Fast, vectorized lexicase selection in NumPy and JAX

Project description

🧬 Lexicase Selection Library

A fast, vectorized lexicase selection implementation supporting both NumPy and JAX backends.

🎯 What it does

Lexicase selection is a parent selection method used in evolutionary computation that evaluates individuals on test cases in random order, keeping only those that perform best on each case. This library provides efficient implementations of several lexicase variants:

  • Base Lexicase: Standard lexicase selection algorithm
  • Epsilon Lexicase: Allows individuals within epsilon of the best to be considered equally good
  • Downsampled Lexicase: Uses random subsets of test cases to increase diversity

TODOs:

  • Add some demo notebooks
  • Add informed down-sampling
  • Add MAD calculation for automatic epsilon selection

📦 Installation

NumPy Backend

pip install .[numpy]

JAX Backend

pip install .[jax]

Development Installation

pip install .[dev]  # Includes pytest and coverage tools

🚀 Quick Start

import numpy as np
import lexicase

# Create a fitness matrix (individuals × test cases)
# Higher values = better performance
fitness_matrix = np.array([
    [10, 5, 8],  # Individual 0
    [8, 9, 6],   # Individual 1  
    [6, 7, 9],   # Individual 2
    [4, 3, 7]    # Individual 3
])

# Select 5 individuals using standard lexicase
selected = lexicase.lexicase_selection(
    fitness_matrix, 
    num_selected=5, 
    seed=42
)
print(f"Selected individuals: {selected}")

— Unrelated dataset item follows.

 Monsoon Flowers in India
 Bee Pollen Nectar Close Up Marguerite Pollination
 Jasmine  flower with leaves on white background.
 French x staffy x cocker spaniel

# Use epsilon lexicase for more diversity
selected_eps = lexicase.epsilon_lexicase_selection(
    fitness_matrix, 
    num_selected=5, 
    epsilon=1.0,
    seed=42
)
print(f"Epsilon lexicase selected: {selected_eps}")

🔧 Backend Selection

Switch between NumPy and JAX backends:

import lexicase

# Use NumPy backend (default)
lexicase.set_backend("numpy")

# Use JAX backend for GPU acceleration
lexicase.set_backend("jax")

# Check current backend
print(f"Current backend: {lexicase.get_backend()}")

📊 All Selection Methods

Standard Lexicase

selected = lexicase.lexicase_selection(fitness_matrix, num_selected=10, seed=42)

Epsilon Lexicase

selected = lexicase.epsilon_lexicase_selection(
    fitness_matrix, 
    num_selected=10, 
    epsilon=0.5,  # Tolerance for "equal" performance
    seed=42
)

Downsampled Lexicase

selected = lexicase.downsample_lexicase_selection(
    fitness_matrix,
    num_selected=10,
    downsample_size=5,  # Use only 5 random test cases per selection
    seed=42
)

🧪 Testing

Run the test suite:

pytest tests/

Run with coverage:

pytest tests/ --cov=lexicase --cov-report=html

🔬 Algorithm Details

Lexicase Selection Process:

  1. Shuffle the order of test cases
  2. Start with all individuals as candidates
  3. For each test case (in shuffled order):
    • Find the best performance on this case
    • Keep only individuals matching the best performance
    • If only one individual remains, select it
  4. If multiple individuals remain after all cases, select randomly

Epsilon Lexicase: Considers individuals within epsilon of the best performance as equally good.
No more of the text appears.